Pater Klaus Mertes wechselt nach Sankt Blasien Eltern und Schüler bedauern den Abgang

Vor einem Jahr rückten schon einmal die Kamerateams auf dem Schulhof an. Ende Januar 2010 hatte Pater Klaus Mertes die Öffentlichkeit darüber informiert, dass in den 70er und 80er Jahren Schüler am Canisius-Kolleg von Jesuitenpatres sexuell missbraucht worden waren. Mertes hat damit einen der größten Skandale für die katholische Kirche ausgelöst.

Am gestrigen Mittwoch kamen erneut Reporter ins Gymnasium an der Tiergartenstraße. Mittags hatte Pater Mertes Lehrern und Schülern mitgeteilt, dass er zum 1. September das Canisius-Kolleg verlassen wird und neuer Rektor an der Jesuitenschule in Sankt Blasien im Schwarzwald wird. Sein Nachfolger wird der 43-jährige Tobias Zimmermann, der jetzt Schulseelsorger am Canisius-Kolleg ist.

Am Mittwoch war die Stimmung gedrückt. „Pater Mertes war immer sehr offen“, sagte ein Zehntklässler am Mittwochnachmittag, es sei ein großer Verlust für die Schule, dass er weggehe.
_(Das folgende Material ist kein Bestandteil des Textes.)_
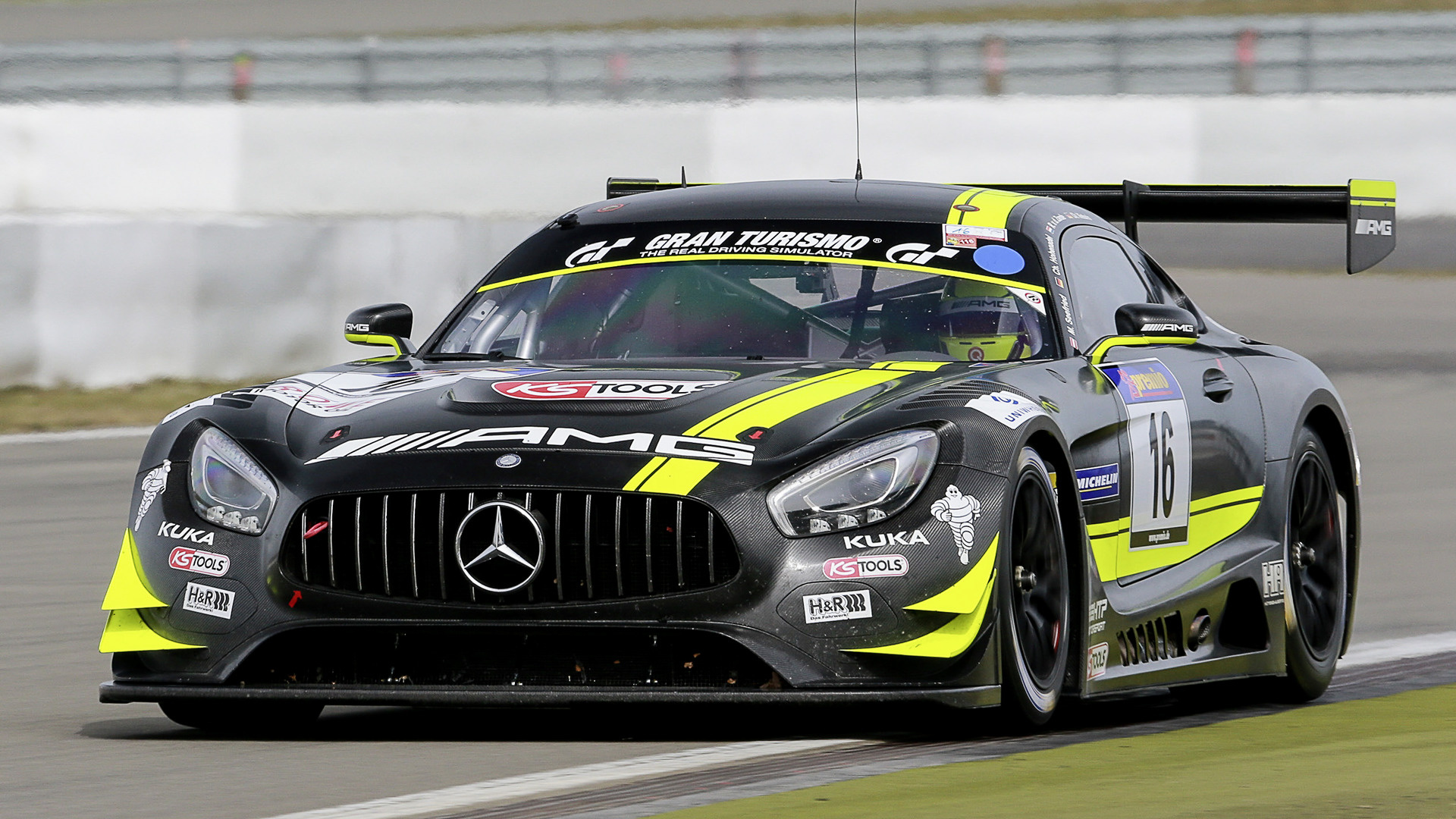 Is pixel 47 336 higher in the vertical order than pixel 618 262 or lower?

Er sei zwar streng, aber eine beeindruckende Persönlichkeit, er sei Mertes dankbar, sagte ein Zwölftklässler. Andere Schüler befürchten einen Imageverlust für die Schule, wenn Mertes nicht mehr da ist. Er hatte das Canisius-Kolleg zu einer der begehrtesten Berliner Schulen gemacht. Er müsse jetzt viele Eltern trösten, die traurig seien über seinen Weggang, sagte Mertes. Für viele Eltern ist Mertes und sein Aufklärungswille, den er in den vergangenen zwölf Monaten bewiesen hat, der Garant dafür, dass am heutigen Canisius-Kolleg sexueller Missbrauch nicht unbemerkt bleiben würde.
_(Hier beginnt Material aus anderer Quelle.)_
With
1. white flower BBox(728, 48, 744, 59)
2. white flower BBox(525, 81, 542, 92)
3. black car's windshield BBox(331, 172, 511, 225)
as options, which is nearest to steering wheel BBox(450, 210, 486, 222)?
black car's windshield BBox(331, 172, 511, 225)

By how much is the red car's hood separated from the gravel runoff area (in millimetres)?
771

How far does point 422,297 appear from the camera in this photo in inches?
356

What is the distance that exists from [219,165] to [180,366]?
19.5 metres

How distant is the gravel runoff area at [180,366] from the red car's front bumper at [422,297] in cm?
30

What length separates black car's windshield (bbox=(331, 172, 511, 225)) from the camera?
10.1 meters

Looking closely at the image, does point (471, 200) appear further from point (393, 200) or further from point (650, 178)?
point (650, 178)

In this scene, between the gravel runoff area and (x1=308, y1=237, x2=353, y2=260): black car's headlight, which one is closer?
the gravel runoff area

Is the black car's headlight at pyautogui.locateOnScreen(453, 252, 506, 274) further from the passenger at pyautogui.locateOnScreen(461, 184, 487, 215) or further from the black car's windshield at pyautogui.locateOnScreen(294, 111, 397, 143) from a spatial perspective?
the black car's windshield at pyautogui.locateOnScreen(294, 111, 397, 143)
Einige Eltern und Schüler wussten seit einem halben Jahr, dass Mertes Berlin verlassen werde. Seit 17 Jahren ist der 56-Jährige Lehrer am Canisius-Kolleg, seit mehr als zehn Jahren ist er der Rektor. Eigentlich hätte er das Gymnasium in der Tiergartenstraße bereits vergangenen Sommer verlassen und turnusgemäß nach zehn Jahren eine andere Aufgabe im Jesuitenorden übernehmen sollen. Wegen der Aufarbeitung der Missbrauchsfälle ist er länger geblieben.

Nun hängt aber auch sein Weggang indirekt mit dem Missbrauchsskandal zusammen. Nicht mit den Berliner Fällen, sondern mit denen am Bonner Aloisiuskolleg, einer anderen Jesuitenschule. Die Aufarbeitung der Vergehen ist dort längst nicht abgeschlossen, am Aloisius-Kolleg in Bonn sind weit mehr Fälle bekannt geworden als in Berlin, die Vorwürfe reichen bis in die Gegenwart. Im Februar 2010 hatte deshalb der damalige Rektor des Aloisius-Kollegs sein Amt niedergelegt. Die Situation dort sei „dramatisch“, sagte Mertes.

Deshalb habe der Orden einen neuen Rektor gesucht, der Erfahrung mitbringe. Der 49-jährige Jesuit Johannes Siebner, der jetzt Sankt Blasien leitet und Mertes vom Canisius-Kolleg waren im Gespräch.

Da Mertes selbst Schüler am Aloisiuskolleg war und jetzt seine Nichten und Neffen dort lernen, hat sich der Orden für Siebner als neuen Leiter in Bonn entschieden. Siebner wird bereits im Juli nach Bonn wechseln. Mertes geht im September nach Sankt Blasien.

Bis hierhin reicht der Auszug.